1. Set Up 2 Alarms In Different Rooms
Set up an alarm in your bedroom where you sleep. As well as this, set up an alarm that is set to go off exactly 1 minute later in another room. Make sure it’s an alarm that you can’t ignore (for example it’s very loud or it will wake other people up). Once the first alarm goes off in the morning, you will have to jump up and get out of bed to stop the other alarm from going off. Once you’re out of bed, it’s easier to stay up.
2. Get Into A Pre-Sleep Routine
Every night, before you go to bed, practice what you will do the next morning. That means get into your sleeping gear, turn off the lights, set the alarm (for 1 minute from now) and pretend you are asleep. When the alarm goes off, jump up straight away and practice what exactly how you want to react when the alarm goes off in the morning. Do this religiously 3 times in a row before you go to bed each night.
3. Allow Yourself To Go Back To Bed (Eventually)
Give yourself a time that you must stay out of bed for in the morning once you have risen. Keep it short to start with if you need. After this time has passed, you are allowed to go back to bed if you really want to. For example, you could set yourself a 30 minute period that you have to get up and stay awake for, after which you may go back to bed. You can’t go back to bed any earlier. After a few weeks raise the time period and then do away with the back to bed clause altogether.
4. Get An Early Rising Buddy
Ask a like minded friend to be your early rising buddy. Agree on a rising time and every day at that time you must ring each other. If one of you fails to answer, that person must do something as a penalty (such as give the other person money)
4. Go To Bed Earlier
This is the obvious one, but it’s still important. If you are disciplined with getting up every morning at a certain time and you don’t then sleep during the day, your body clock will adjust and you will begin feeling the need to go to bed earlier each night.
5. Me Time
Allocate a certain amount of time every morning at a prussic time that you get to have all to yourself. It should be the first thing you do (perhaps after shower and breakfast) and it should involve you doing something that you love and makes you feel good, such as setting goals for the day, or praying, or going for a walk. Anything that makes you feel great. You will look forward to this every day and it will motivate you to get up early for it.
6. Shock Treatment
Keep a moist towel next to you and as soon as the alarm goes off in the morning, wipe your face with it. Water on the face is a great way of shocking you out of sleep. A bucket over the head is probably a bit much (not including when in the shower) but a wet towel should do the trick.
7. Exercise
Make exercise the very first thing you do. The exercising gets the heart rate up and warms up the body. Doing this every day at the exact time conditions the body to warming up and waking up becomes much easier. It doesn’t have to be intense exercise, it could just be a walk around the block.
8. Set Targets
If you think you will struggle to keep up the routine, set yourself a small target, for example 1 week. All you have to do is get up at a certain time each morning for a week and then you’re allowed to go back to getting up whenever you want. If you fail, the week must start again. Once you’ve succeeded, start again, but with a longer target and so on and so on.

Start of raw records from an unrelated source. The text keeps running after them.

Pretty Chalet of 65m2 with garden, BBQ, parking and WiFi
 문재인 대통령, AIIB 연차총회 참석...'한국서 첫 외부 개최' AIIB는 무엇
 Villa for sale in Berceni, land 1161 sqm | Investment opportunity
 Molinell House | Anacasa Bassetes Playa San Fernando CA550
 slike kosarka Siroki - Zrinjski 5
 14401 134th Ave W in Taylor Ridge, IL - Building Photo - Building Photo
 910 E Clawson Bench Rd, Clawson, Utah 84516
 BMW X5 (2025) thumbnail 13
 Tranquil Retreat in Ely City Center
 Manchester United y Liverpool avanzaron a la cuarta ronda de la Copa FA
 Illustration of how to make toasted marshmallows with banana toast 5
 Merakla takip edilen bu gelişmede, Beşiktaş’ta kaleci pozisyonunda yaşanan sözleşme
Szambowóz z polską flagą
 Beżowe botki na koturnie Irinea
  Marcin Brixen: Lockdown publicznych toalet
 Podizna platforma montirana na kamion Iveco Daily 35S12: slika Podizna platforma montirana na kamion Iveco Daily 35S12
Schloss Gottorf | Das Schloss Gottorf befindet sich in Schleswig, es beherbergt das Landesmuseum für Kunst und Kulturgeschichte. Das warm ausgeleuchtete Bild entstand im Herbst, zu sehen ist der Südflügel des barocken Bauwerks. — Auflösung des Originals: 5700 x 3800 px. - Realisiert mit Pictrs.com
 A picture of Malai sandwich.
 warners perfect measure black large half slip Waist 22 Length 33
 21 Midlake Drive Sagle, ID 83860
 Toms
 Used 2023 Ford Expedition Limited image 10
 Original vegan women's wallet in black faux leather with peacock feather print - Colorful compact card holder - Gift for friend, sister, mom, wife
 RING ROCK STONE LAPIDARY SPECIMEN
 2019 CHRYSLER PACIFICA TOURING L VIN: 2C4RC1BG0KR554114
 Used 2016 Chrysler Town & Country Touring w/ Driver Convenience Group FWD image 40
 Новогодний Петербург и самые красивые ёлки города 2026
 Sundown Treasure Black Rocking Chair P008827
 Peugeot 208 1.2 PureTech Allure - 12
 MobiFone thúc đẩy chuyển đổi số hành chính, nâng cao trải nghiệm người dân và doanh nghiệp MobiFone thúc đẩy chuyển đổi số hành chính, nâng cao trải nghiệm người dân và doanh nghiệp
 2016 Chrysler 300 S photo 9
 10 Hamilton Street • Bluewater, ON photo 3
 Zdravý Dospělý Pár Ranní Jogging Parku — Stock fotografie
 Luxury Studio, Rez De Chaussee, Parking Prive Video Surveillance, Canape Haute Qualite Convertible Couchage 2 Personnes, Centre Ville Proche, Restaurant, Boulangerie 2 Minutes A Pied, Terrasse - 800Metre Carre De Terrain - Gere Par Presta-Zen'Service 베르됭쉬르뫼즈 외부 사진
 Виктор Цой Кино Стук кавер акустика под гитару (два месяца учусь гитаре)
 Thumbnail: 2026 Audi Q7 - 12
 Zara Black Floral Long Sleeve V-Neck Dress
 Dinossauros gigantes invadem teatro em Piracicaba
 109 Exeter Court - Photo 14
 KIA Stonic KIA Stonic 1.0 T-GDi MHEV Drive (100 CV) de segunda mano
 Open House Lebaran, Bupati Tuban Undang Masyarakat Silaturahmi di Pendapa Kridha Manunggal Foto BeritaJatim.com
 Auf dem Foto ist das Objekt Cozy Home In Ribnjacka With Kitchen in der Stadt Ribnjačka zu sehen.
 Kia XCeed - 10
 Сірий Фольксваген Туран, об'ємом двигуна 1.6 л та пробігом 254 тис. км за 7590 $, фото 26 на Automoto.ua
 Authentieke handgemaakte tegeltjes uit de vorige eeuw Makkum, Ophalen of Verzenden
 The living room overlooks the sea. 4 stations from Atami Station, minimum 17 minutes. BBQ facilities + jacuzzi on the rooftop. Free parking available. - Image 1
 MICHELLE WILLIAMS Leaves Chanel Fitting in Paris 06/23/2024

9. Get In The Right Frame Of Mind
Realize that the accomplishment lies in the discipline of getting up at the time you have set for yourself. It’s great to have things to do once you are up, but if you place to much importance on those things, you can easily get put off based on how you feel about those things on any given day. Place the importance on the act of simply getting up at your desired time. Also, if you falter and fail to get up. Don’t let that stop you from getting back on the horse and starting again the next day. Try to learn something from it.
10. Keep A Diary
A great way to empower yourself to get up early is to keep a diary or write a blog about your early rising goals. Every day, you must write something about your progress and how you felt getting up on that day. Record your successes, failures and opinions on the whole process. This can be very liberating, rewarding and motivating.